Quantum Computing: Prospects and Challenges

Vivien Kendon (Durham University, UK)

Quantum computing promises more efficient computation for some important types of problems, such as simulation of quantum systems, non-convex optimization, and (famously) factoring large semi-primes. However, the first useful quantum computers will be limited in what they can do. Applying them to bottlenecks that are hard for classical computers is key to extracting the best performance out of combined classical and quantum hardware. Interfacing different types of hardware brings many challenges, including mismatched timescales, incompatible data formats, and more complicated logic in the programme flow. The basic concepts that make quantum computing an exciting near term prospect will be explained for non-experts, and some of the more adventurous opportunities explored.

Viv Kendon is associate professor of physics at Durham University (UK). She has a PhD in computational physics from the University of Edinburgh, and worked in Glasgow, London, and Leeds before arriving in Durham in 2014. She is known especially for her work applying quantum versions of random walks to quantum computing. She has been developing quantum computing and applications for the past twenty years, focusing on the underpinning science of computation, and pushing the boundaries of computation beyond conventional paradigms.


Vivien Kendon

Domain Specific Languages to Tame Heterogeneous and Emerging Computing Systems

Jeronimo Castrillon (TU Dresden, Germany)

Programming heterogeneous computing systems is a daunting task and will become even more challenging with the advent of emerging computer architectures. This complexity will make it harder to democratize high-performance computing, which today relies heavily on expert programmers to write efficient parallel code. This talk discusses domain specific languages (DSLs) as a promising avenue to tame heterogeneity for non-expert programmers. The high-level semantics in DSLs improves productivity while enabling coarser-grained optimization and safer code generation. Examples are provided from the domains of big-data, physics simulations and machine learning. The talk closes with insights on how compilers can leverage the high-level semantics of DSLs to optimize for emerging memory technologies.

Jeronimo Castrillon is a professor in the Department of Computer Science at the TU Dresden, where he is also affiliated with the Center for Advancing Electronics Dresden (CfAED). He is the head of the Chair for Compiler Construction, with research focus on methodologies, languages, tools and algorithms for programming complex computing systems.  He received the Electronics Engineering degree from the Pontificia Bolivariana University in Colombia in 2004, the master degree from the ALaRI Institute in Switzerland in 2006 and the Ph.D. degree (Dr.-Ing.) with honors from the RWTH Aachen University in Germany in 2013.


Jeronimo Castrillon

Exploring and Mapping Data Landscapes to Rescue Species from Extinction

Dalia Conde (Species360, US and University of Southern Denmark, Denmark)

PASC21 PUBLIC LECTURE
This event is free of charge and open to the general public. The lecture is given in English.

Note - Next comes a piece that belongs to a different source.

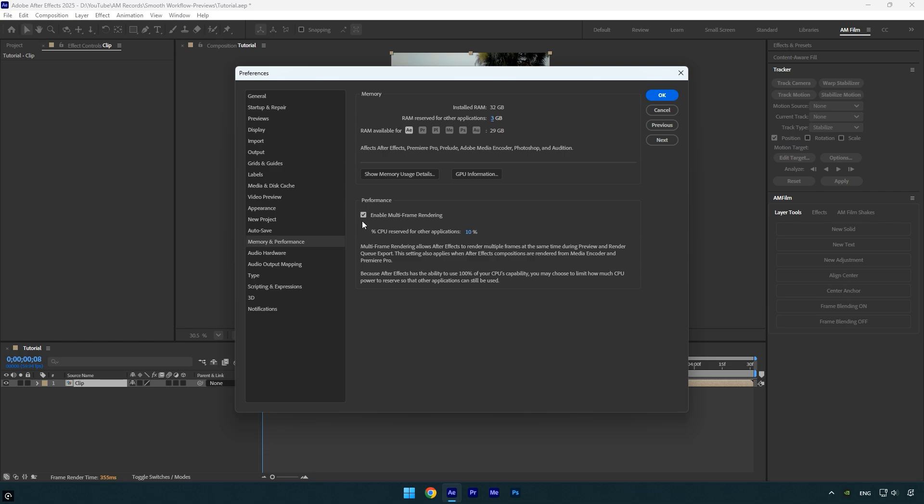Under Performance, enable multi-frame rendering. By default, CPU reserved for other applications is set to 10%, which works fine for most cases. If you want to maximize speed, you can lower it to 5%, or even 0% if your system can handle it, so After Effects can use more CPU power for rendering multiple frames at once.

The escalating power of machine learning, big data and exascale computing positions computer scientists with critical methods needed to resolve one of humanity’s greatest challenges as identified by the World Economic Forum 2020: biodiversity loss. The design and implementation of species conservation strategies directly rely on accessing a high variety and volumes of information on species’ genetics, habitat, threats and human use. Despite promising advances in digital infrastructure and open data, we are still struggling to provide essential analytics for effective decision-making. In this keynote talk, we will unveil the results of a global initiative aiming to map, quantify and disseminate species open information to conservation policymakers globally. By developing partnerships to map information and generate development platforms, workflows and storage between open biodiversity repositories, we will outline how computational methods can be applied to novel scientific domains.


Dalia Conde is the Director of Science at Species360 (a leading data-driven conservation NGO) and Associate Professor at the University of Southern Denmark. Conde completed a PhD in Ecology at Duke University before launching the Conservation Demography section at the world-renowned Max Planck Institute for Demographic Research. Her work has been published in Science and PNAS, and Spiegel, Le Monde and National Geographic have reported on her efforts to save species from extinction. Passionate about the power of open data and high-performance computing, Conde collaborates with a broad network of scientists, zoos, aquariums, conservation organizations and policymakers to revolutionize evidence based animal welfare and conservation globally.